Le « néo » est une spécialité bien française et l’appellation « néoréac » le dernier avatar de querelles intellectuelles gauche-droite nées avec le Siècle des lumières. Vieille histoire donc, qui remonte à Voltaire, inventeur de l’intellectuel engagé à qui l’on prête cette proclamation : « Même si je ne suis pas d’accord avec vous, je me battrai toute ma vie pour que vous puissiez vous exprimer. » Mais lui-même ne mesurait jamais sa propre virulence lorsqu’il cognait sur ses ennemis.

Depuis, la France qui pense et écrit préfère la polémique, voire la diabolisation, au dialogue et à l’échange. Ce clivage s’est définitivement installé avec l’affaire Dreyfus. Jusqu’à se radicaliser. Quand il s’agit de discréditer un adversaire, il n’y a plus de limites, en effet. La droite ne s’est jamais privée de le faire mais la gauche y a trouvé aussi une arme de destruction massive. Deux grandes figures intellectuelles du xxe siècle ont ainsi subi ses assauts : Albert Camus et Raymond Aron. Camus écrit : « Si la vérité devait être de droite, alors je serais de droite », lorsque Simone de Beauvoir affirme : « La vérité est une, l’erreur multiple. Ce n’est pas un hasard si la droite professe le pluralisme. » C’est l’époque où « il vaut mieux avoir tort avec Sartre que raison avec Aron ».
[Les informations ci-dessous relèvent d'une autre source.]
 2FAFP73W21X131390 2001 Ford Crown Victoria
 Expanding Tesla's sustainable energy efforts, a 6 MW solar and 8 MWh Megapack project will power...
Le travail intellectuel, dont le royaume est l’étude, cède de plus en plus le pas à la vie intellectuelle qui s’expose sur les tréteaux médiatiques. Chacun s’y enferme dans un rôle et y trouve son compte de gloire. Néoconservateurs, néostaliniens, néophilosophes, néovichystes, tout est « néo », ce qui est bien commode pour entretenir le spectacle de la polémique et donc de l’audience. Ainsi en 2002 sont nés les néoréacs, à la fois diabolisés et très utiles pour les intellectuels de gauche, chacun se nourrissant des positions de l’autre dans une radicalité qui fait de l’audimat, des ventes de livres mais devient caricature de la réflexion.

Mieux que tout autre, il y a bientôt quatre-vingt-dix ans, dans La Trahison des clercs, Julien Benda a dénoncé les méfaits de cette « prêtrise séculière » qui, à droite comme à gauche, n’obéit qu’aux passions politiques « qui dressent des hommes contre d’autres hommes au nom d’un intérêt ou d’un orgueil, et dont les deux grands types sont, pour cette raison, les passions de classe et de la nation ».